Cats keep their cool when the heat is on
The likes of Noel Hickey, Jackie Tyrell, Brian Hogan, Tommy Walsh, Henry Shefflin, Eoin Larkin are young men but have packed a tremendous amount of hurling into the last decade.
I was wondering — would they be able for the heat and would they be able to handle the pace of a major championship final for a full 70 minutes?
Though I had tipped them to win here on Saturday (along with Limerick and Galway — I hope ye did the treble!) I was a bit fearful for them, on such an energy-sapping day.
Should I ever have worried? I met a Kilkenny-man afterwards, former team captain Denis Byrne, and he said to me — “We’re only really good in Kilkenny when the heat comes on!”

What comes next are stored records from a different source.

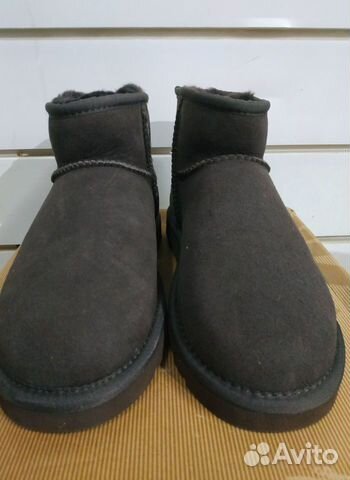 UGG угги, мини-классические шоколадные UGG угги, мини-классические шоколадные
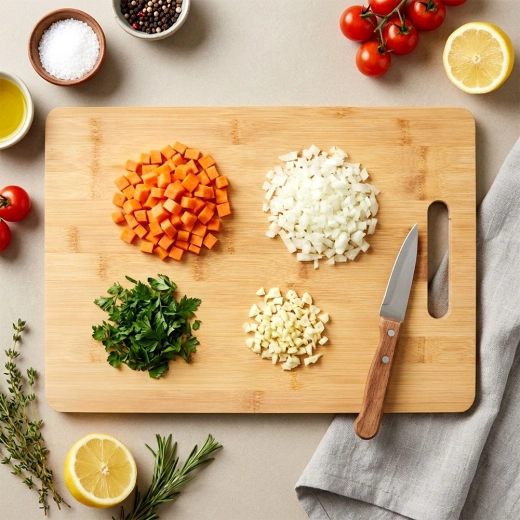 Universeel voor keuken en serveren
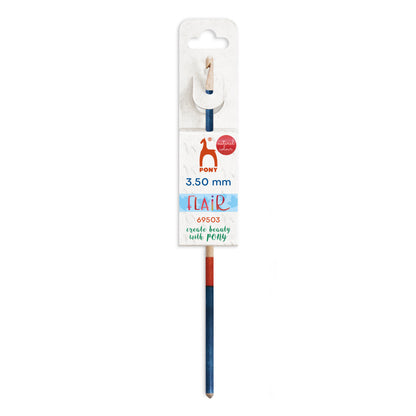 Pony Flair 3.5mm hand painted wooden crochet hook
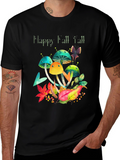 Happy Fall Yall Mushroom Graphic T-Shirt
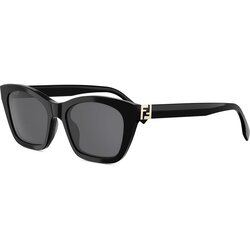 Fendi Forever Black Rectangular Sunglasses ONE SIZE (54) Črna/Siva Cene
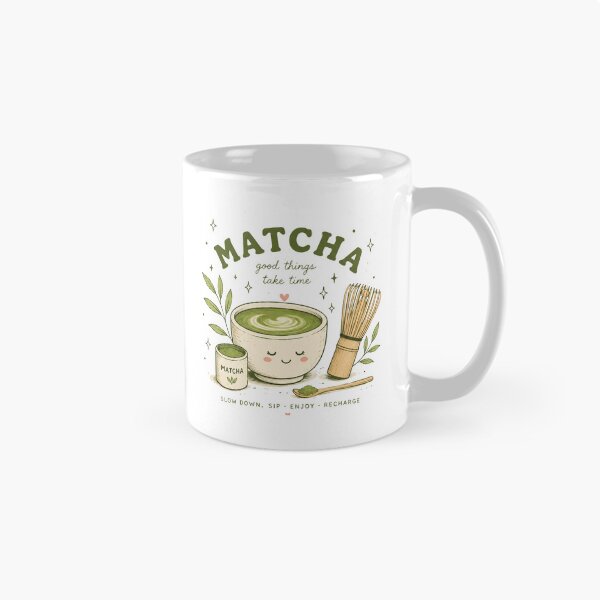 Item preview, Cute Matcha Illustration | Kawaii Green Tea Aesthetic | Cozy Matcha Lover Gift designed and sold by poppet103.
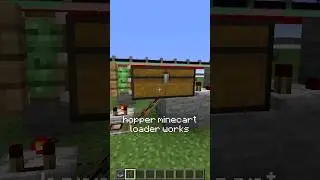 this loads items into hopper minecarts AUTOMATICALLY!? | Redstone with PsiVolt #minecraft #redstone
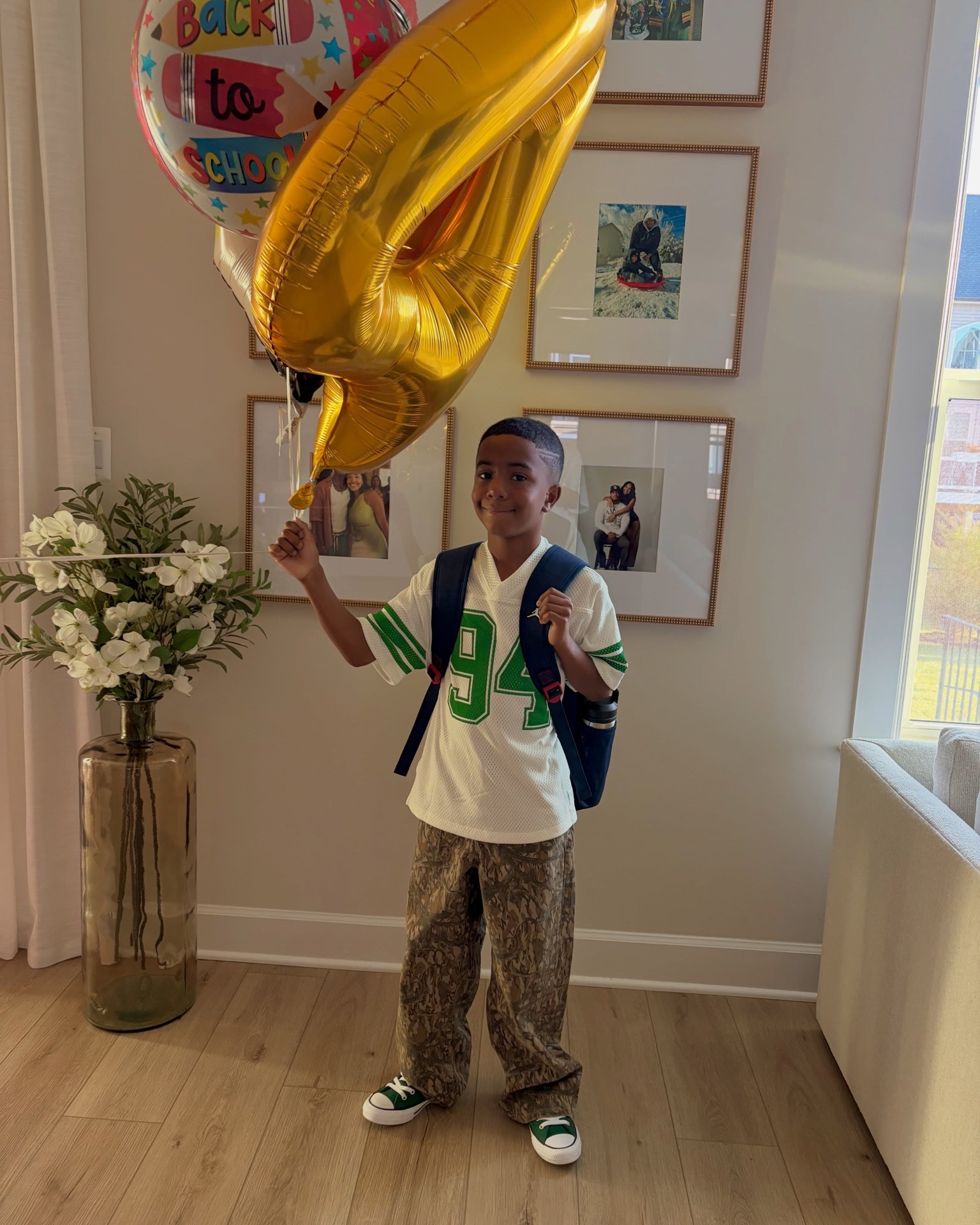 Ashton’s First Day of School Look🚌📚✏️! His top is from Old Navy & it sadly sold out but I tagged a similar one! 

I know my baby is going to have an amazing year and I can't wait to see it! "I'm excited for this fresh start!" -Ashton🥹❤️

#LTKdayinmylife #LTKmomlife #LTKKids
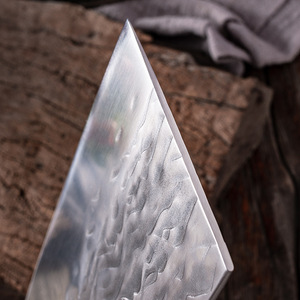Cast steel <b>handle</b>, one-piece kitchen <b>knife</b>, household hand-forged all-steel <b>knife</b>, chopping <b>knife</b>, slicing <b>knife</b>, Longquan - Product Image 3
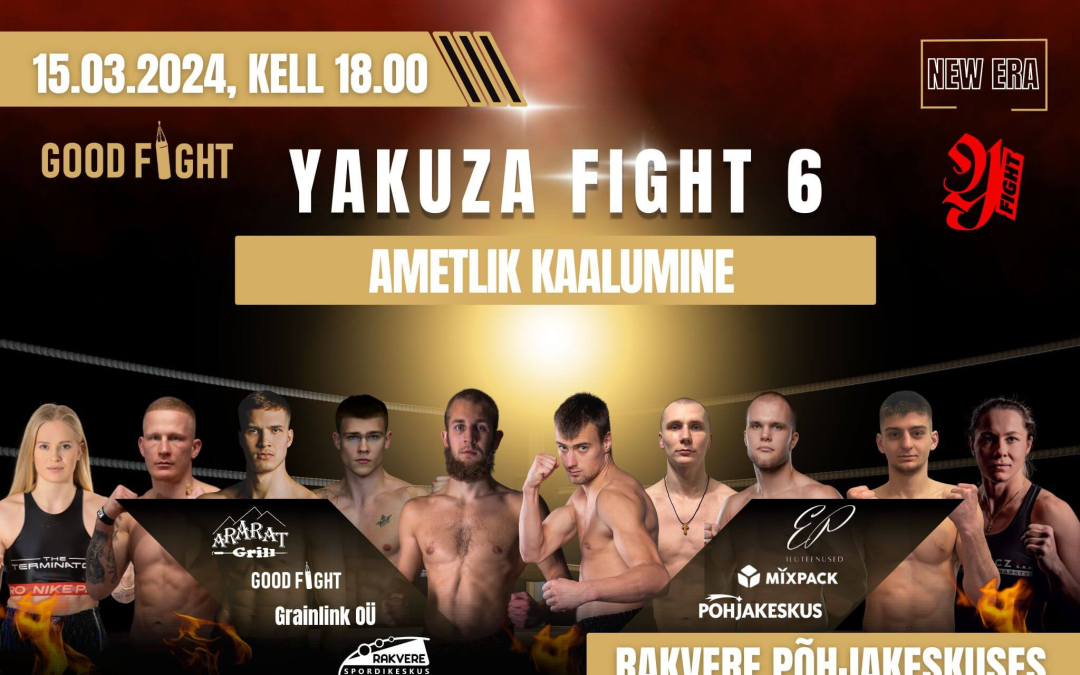 LIVE ÜLEKANNE I Yakuza Fight 6 võitlusõhtu sportlased astuvad homme kaalule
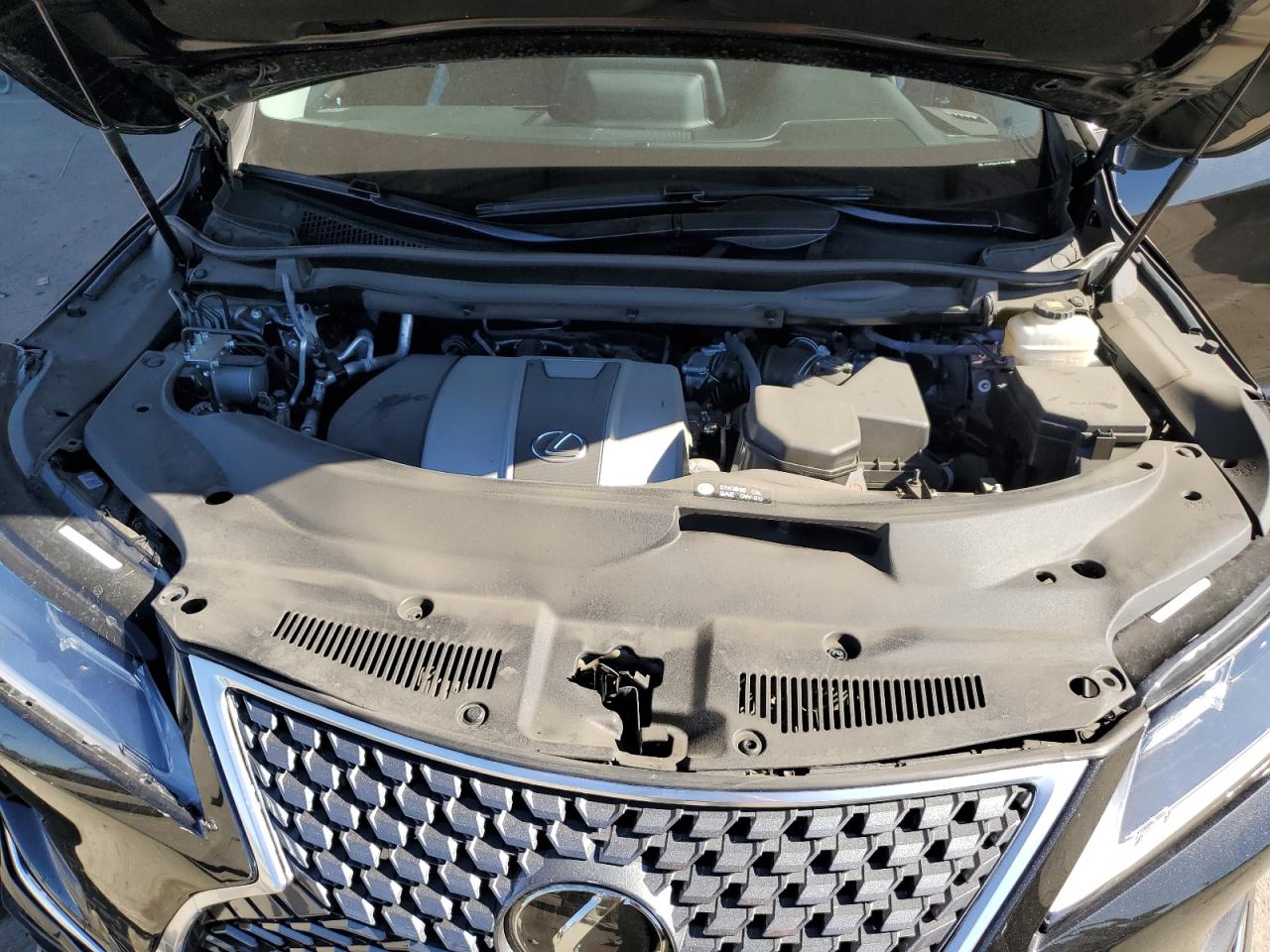 2022 Lexus RX VIN 2T2HZMAA1NC254381 Copart auction photo, front end damage thumbnail 14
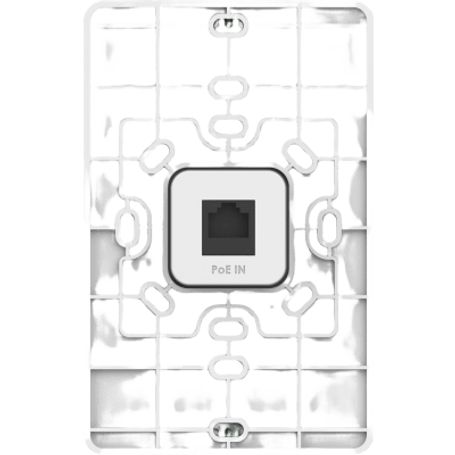 Punto De Acceso Wifi 6 802.11ax De Pared Mumimo 2x22 (2.4g) Y 3x32 (5g) Throughput Inalámbrico De 3 Gbps Y 4 Puertos Gigabit Cab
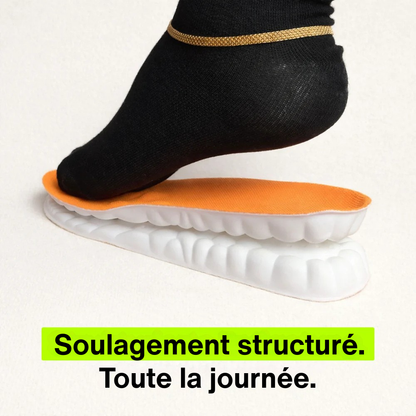 Semelles de soulagement pour douleurs au talon & fasciite plantaire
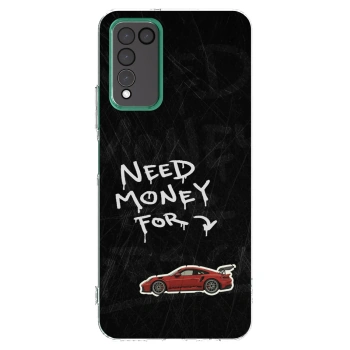 Picasee silikónový prehľadný obal pre Honor 10X Lite - Track Mode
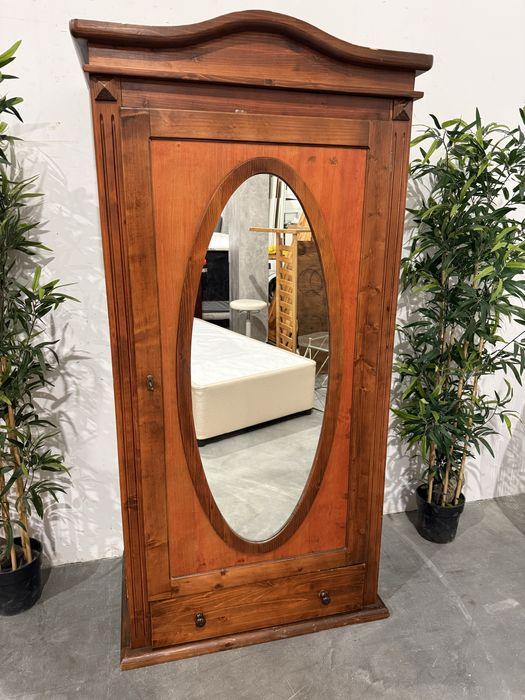 Piekna sosnowa szafa z lustrem i szufladą super stan dowóz wysyłka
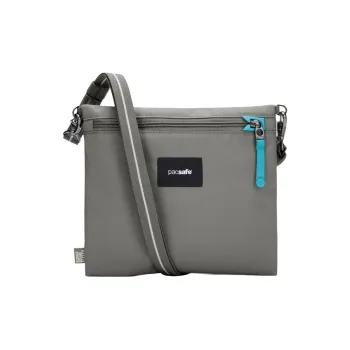 PACSAFE Polyester Crossbody Bag Men's Gray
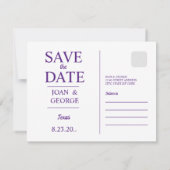 Texas, rit met pick-up truck bij zonsondergang, save the date (Achterkant)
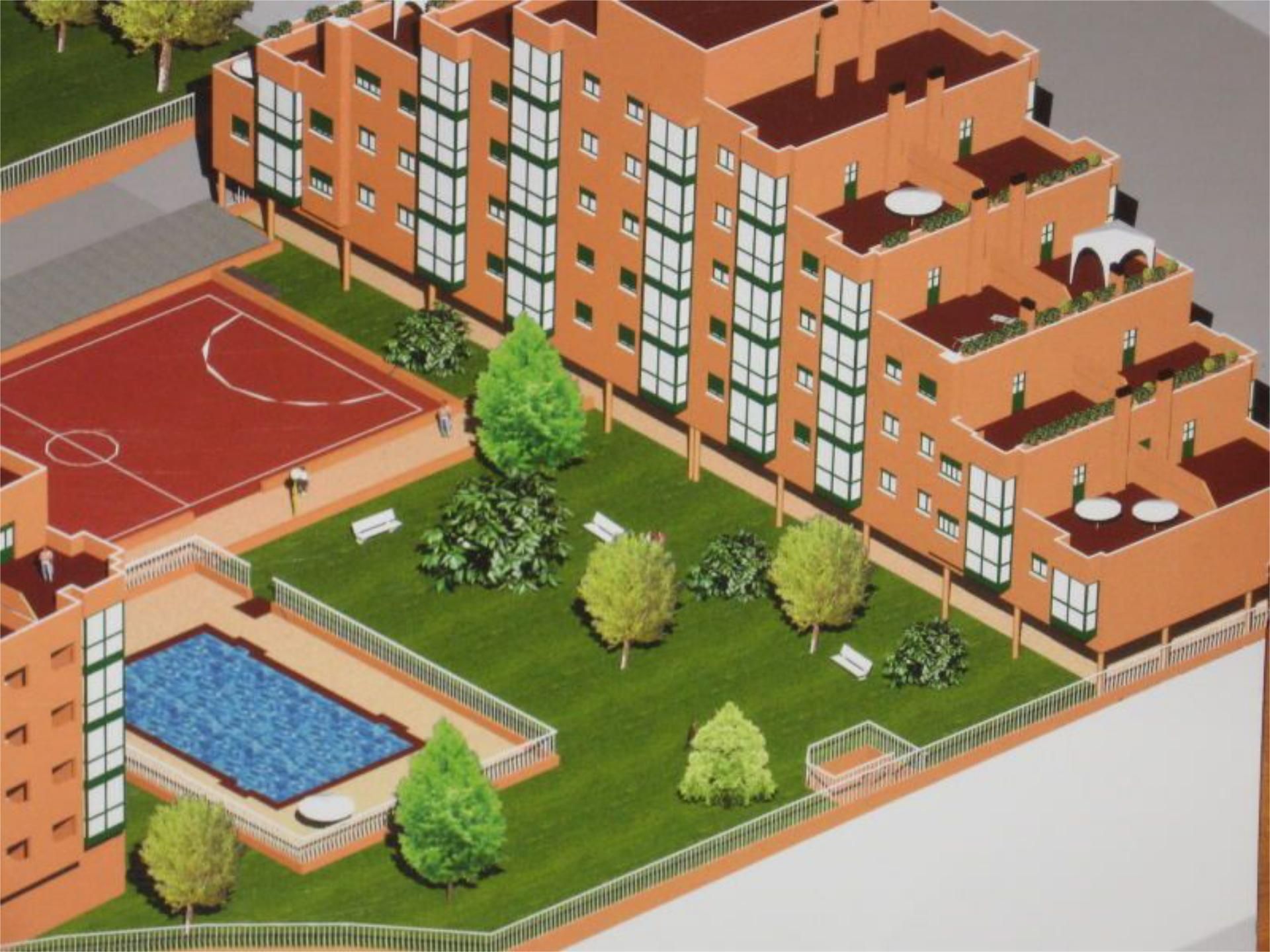 Exterior view of Flat for rent in  Madrid Capital  with Air Conditioner, Heating and Parquet flooring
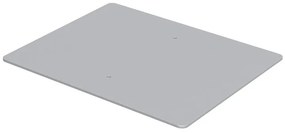 Piastra di fissaggio L 40 x P 45 cm in acciaio argento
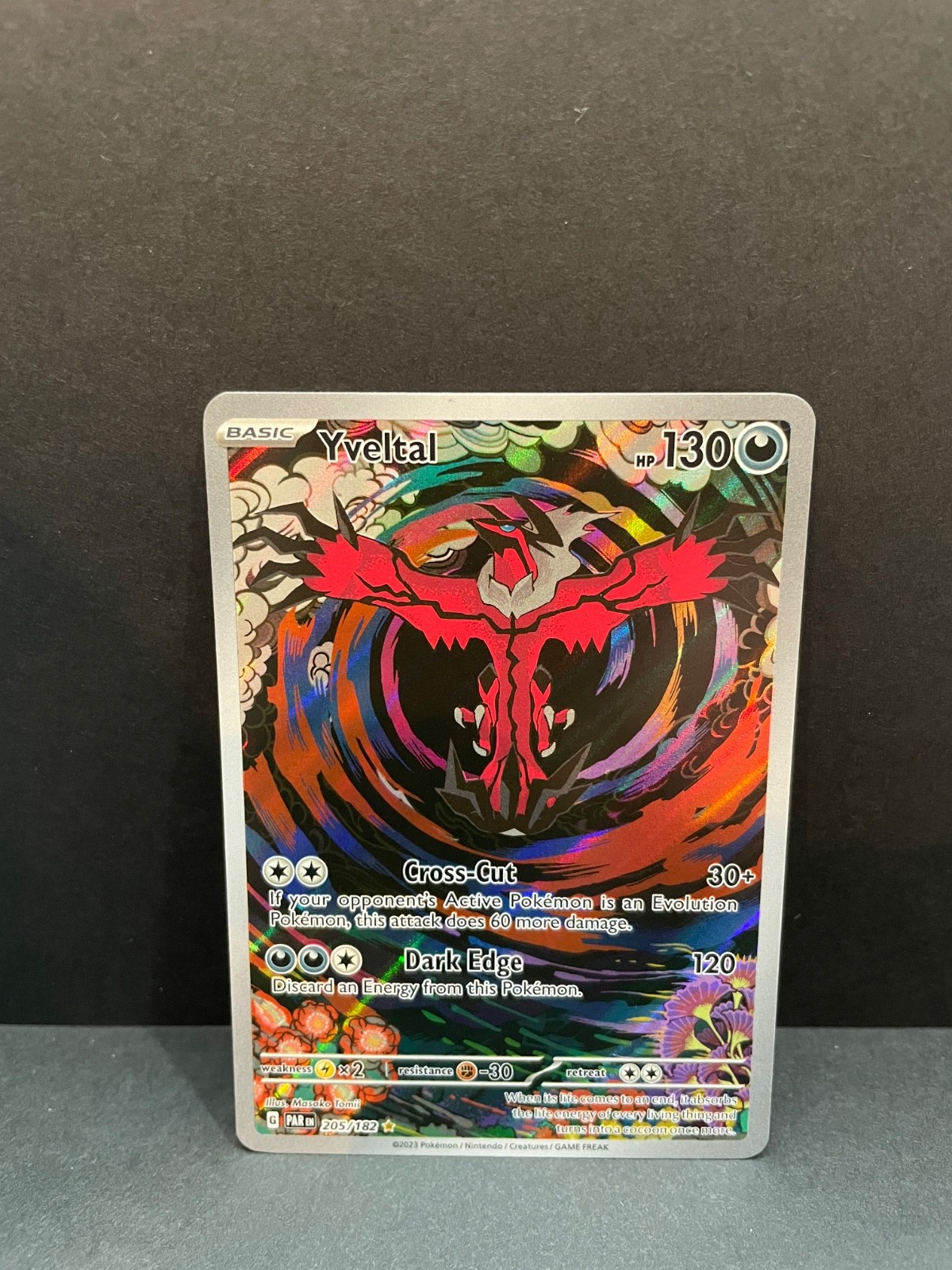 Pokemon Yveltal 205/182 Holo Illustration Rare Paradox Rift Pokemon Card NM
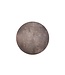 Kemp Brown canvas painting rough round S 90.0 x 2.5 x 90.0 cm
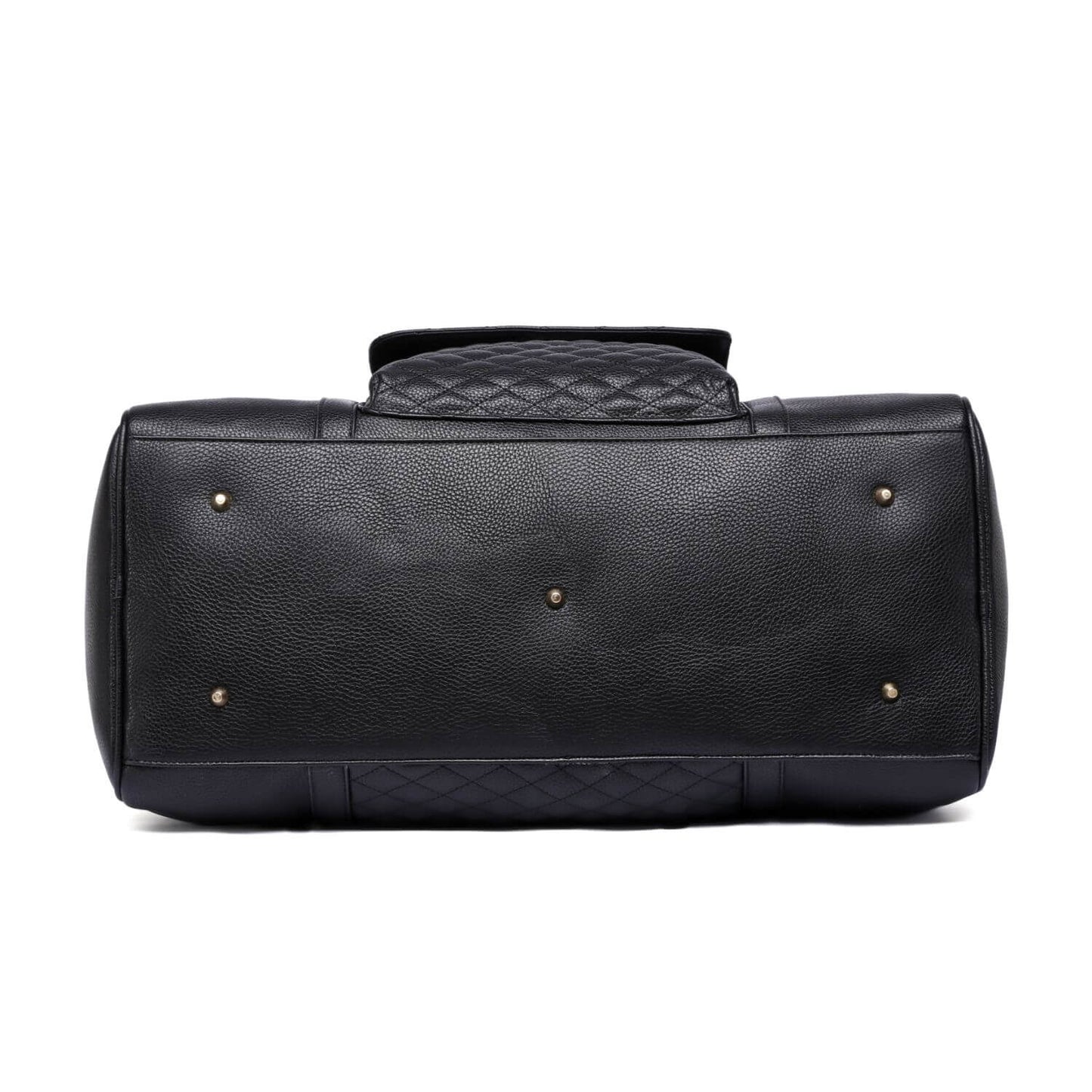 Bottom View of Luli Bebé Monaco Travel Bag | Ebony Black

I took that to mean the heat on the field, and the heat off it, and it explains everything about this game, doesn’t it? This was Kilkenny as we all know them — in any sport, is there a better team to put the opposition to the sword, especially an opposition they see as posing a potential threat?
A few months ago Dublin beat them in the league final. But it was a very different Kilkenny team to the one we saw in Croke Park yesterday. This was the real Kilkenny team, and boy, what a display of power hurling they put on.
In that league final we saw something we very rarely see, a Kilkenny team blown away physically and mentally.
At the time everyone had remarked on how powerful Dublin had become, how they could brush even Kilkenny aside. Check back however and you’ll find one pundit who wasn’t fooled; I always figured Kilkenny were pulling the wool over our eyes. After yesterday, I’m convinced of it.
Some of the tackling yesterday was borderline, by both teams, and I think Barry Kelly was right to let it flow. But, six yellow cards for Kilkenny — I think that will tell you which side was hitting harder and was more up for this.
Every score Kilkenny got was a team score, a mark of this side for so many years. There was no unselfish play, no selfish player. The goals especially showed this attitude at their best. Dublin simply had no answer.
And here now, a declaration: I will say now too something I have never said before, because I’ve been keeping my powder dry. I didn’t see Christy Ring, nor Mackey, nor any of the greats from all the early decades of hurling, but I have seen a lot of good ones.
The greatest of all I’ve seen, however, and yesterday finally convinced me, is Henry Shefflin. Coming back from two cruciate knee operations, the way he led this team yesterday was just fantastic. His free-taking was immaculate, as usual, his point-scoring superb, his goal emphatic, his workrate never dropped, but above all was his intelligence.
We’re privileged to be seeing this man still in his prime, so lucky that he has made such a full recovery.
I felt Dublin were very nervous yesterday, it even came through in an interview with Anthony Daly before the game.
I know Kilkenny hit them hard from the first whistle but Dublin have been hit a few times this year — they never had the composure they had in those earlier games. They went back to individual play, they lost concentration in defence, were very naïve and allowed Kilkenny through far too easily. Were it not for the outstanding free-taking of Paul Ryan they wouldn’t have been within an asses’ roar of Kilkenny. They saw this juggernaut coming, and maybe that was their problem — they froze in the headlights.
Summing up, class will always out; I’m not saying here that this Dublin team doesn’t have it, but as I said on Saturday, I doubted they would be able to measure up to a full-strength full-power Kilkenny, and I was right.
They might make that long-awaited breakthrough — and their minors did beat Kilkenny yesterday — but I don’t think it will be this year.
The biggest challenge now for Anthony Daly is to get this team ready for the quarter-final.